Sunday, February 28, 2016

I

I hate my life
My dependency
My lust
My love
My ignorant self being
I hate who I am.
I hate this pain
Someone help me. Anyone please  But I'll say no or that I'm ok because I just need her love, her dependency. I need her

Monday, February 1, 2016

...

No one is going to see this, no one cares enough. I'm sick of it all. Fuck everything. Fuck the good fuck the bad. It's not just one if those days. Shit can't be this bad for this long. It's exhausting, no one gets it that there's a reason I don't wake up in the mornings, what's the point. Half the time I wake up to nothing new and everything sill eating away at me. I wake up every morning hoping it's the last one, regretting I didn't die in my sleep. I don't want to cause any more pain to anyone. Fuck everything, prove to me, there's a God, prove there's a reason to my pitiful life

Tuesday, January 12, 2016

White elephant

Boo radely, I am not sure what to give you that you don't already have, so here's my advice.
Tyson, you've had a great year in sports. Everyone was watching the team and everyone is proud of you and the team. But what they don't see is the time, sacrifice, and effort that goes into the training on and off the field. Remember what you've learned and what you've experienced in sports. It has made you a hard worker with determination and diligence. You've been a great friend to those in need, please do not stop smiling how you do.
Tyson you're a great kid and I know you'll go far
If you continue to work with the same effort as you did in football. You're a winner in my heart go knights

Monday, January 11, 2016

Tristam

I remember the first moment I had my breath taken away by her.
I remember the first time she trusted me enough to be there for when she fell.
I remember the the one time she fell without me there to catch her.
I remember the first time I saw her in a dress, and the last time.
I remember the only time I cursed at her.
I remember the first time she held my hand.
I remember the rush I got by kissing her cheek.
I remember her eyes.
I remember our first adventure to the pond.
I remember the last time too.
I remember how I felt when our lips first met.
I remember every fight.
I remember every moment that I cried, every moment she did.

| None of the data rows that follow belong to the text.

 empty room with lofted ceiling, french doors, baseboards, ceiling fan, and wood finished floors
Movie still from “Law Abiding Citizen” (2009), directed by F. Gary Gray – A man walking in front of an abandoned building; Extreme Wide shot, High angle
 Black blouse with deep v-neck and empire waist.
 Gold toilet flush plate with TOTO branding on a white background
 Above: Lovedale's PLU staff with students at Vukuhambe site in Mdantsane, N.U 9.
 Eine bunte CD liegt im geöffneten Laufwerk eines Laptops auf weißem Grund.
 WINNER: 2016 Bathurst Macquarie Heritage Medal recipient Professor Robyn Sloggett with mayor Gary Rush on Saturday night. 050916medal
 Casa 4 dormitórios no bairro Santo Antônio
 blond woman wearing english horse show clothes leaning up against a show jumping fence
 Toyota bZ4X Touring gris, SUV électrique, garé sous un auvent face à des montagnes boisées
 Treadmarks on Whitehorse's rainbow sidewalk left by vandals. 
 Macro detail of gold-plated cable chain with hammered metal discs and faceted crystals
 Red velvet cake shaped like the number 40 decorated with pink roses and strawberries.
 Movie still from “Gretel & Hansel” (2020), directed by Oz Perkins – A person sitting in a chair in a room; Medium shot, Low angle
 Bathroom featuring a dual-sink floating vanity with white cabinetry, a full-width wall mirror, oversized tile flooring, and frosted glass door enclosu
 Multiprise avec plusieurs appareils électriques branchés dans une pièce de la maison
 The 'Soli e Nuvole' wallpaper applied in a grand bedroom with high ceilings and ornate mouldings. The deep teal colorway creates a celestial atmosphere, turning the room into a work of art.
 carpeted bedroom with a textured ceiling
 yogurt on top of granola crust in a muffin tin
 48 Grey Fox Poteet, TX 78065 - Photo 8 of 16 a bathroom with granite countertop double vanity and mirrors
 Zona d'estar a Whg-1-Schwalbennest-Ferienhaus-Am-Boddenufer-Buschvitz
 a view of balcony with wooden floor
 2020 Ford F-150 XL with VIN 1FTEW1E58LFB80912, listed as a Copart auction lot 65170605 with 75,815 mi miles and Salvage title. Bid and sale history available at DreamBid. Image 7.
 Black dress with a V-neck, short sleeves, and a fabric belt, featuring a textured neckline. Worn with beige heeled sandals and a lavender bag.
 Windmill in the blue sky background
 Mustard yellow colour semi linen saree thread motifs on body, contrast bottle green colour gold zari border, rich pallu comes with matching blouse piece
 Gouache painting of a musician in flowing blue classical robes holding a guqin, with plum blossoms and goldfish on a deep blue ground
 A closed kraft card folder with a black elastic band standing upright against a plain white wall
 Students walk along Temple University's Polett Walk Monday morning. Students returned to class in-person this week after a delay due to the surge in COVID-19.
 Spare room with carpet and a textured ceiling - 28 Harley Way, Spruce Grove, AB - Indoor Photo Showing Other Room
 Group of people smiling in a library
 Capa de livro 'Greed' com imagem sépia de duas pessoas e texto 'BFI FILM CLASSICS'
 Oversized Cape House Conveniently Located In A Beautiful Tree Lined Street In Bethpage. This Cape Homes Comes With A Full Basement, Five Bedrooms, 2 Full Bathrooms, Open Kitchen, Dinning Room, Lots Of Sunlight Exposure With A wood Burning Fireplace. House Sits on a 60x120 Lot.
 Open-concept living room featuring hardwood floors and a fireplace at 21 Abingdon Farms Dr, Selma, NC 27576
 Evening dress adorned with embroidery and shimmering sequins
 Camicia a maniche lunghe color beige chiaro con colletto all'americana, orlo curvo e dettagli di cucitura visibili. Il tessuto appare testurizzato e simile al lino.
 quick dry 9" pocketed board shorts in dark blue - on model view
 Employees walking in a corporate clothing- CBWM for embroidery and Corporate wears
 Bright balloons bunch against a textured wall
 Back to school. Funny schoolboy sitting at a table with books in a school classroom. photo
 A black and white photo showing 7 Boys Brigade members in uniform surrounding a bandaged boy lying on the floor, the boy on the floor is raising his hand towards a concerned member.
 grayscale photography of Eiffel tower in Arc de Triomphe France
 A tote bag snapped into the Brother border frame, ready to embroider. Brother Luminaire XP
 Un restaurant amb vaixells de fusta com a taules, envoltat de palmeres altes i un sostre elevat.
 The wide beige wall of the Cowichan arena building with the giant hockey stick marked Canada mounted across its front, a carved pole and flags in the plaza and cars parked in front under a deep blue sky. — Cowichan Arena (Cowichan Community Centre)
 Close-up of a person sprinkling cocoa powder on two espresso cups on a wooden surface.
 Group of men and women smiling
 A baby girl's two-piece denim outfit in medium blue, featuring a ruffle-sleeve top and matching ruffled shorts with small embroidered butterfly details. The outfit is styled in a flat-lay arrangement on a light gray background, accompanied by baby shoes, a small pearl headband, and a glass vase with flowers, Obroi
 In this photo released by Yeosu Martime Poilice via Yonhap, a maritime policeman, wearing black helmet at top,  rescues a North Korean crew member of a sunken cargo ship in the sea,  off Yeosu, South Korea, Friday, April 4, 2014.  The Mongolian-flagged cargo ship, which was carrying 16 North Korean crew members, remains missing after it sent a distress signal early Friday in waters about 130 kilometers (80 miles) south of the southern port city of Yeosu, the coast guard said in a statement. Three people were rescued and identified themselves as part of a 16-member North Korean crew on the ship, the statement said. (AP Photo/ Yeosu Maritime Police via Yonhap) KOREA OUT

I hope she remembers too, because I won't forget every time that she said she loved me forever.

Black out

[He] went up in flames, he lost all the way,  in the past about everyday life

Thursday, January 7, 2016

Music

Music is in all things, the birds chirping, wind through the trees, a child's laugh and the echo of my thoughts in my head. Music can be grand like that of Beethovens or simple like the pluck of a guitar string. Music can inspire and music can enlighten. Music is an outlet and a endless journey. Songs may be similar, but never identical, as are we.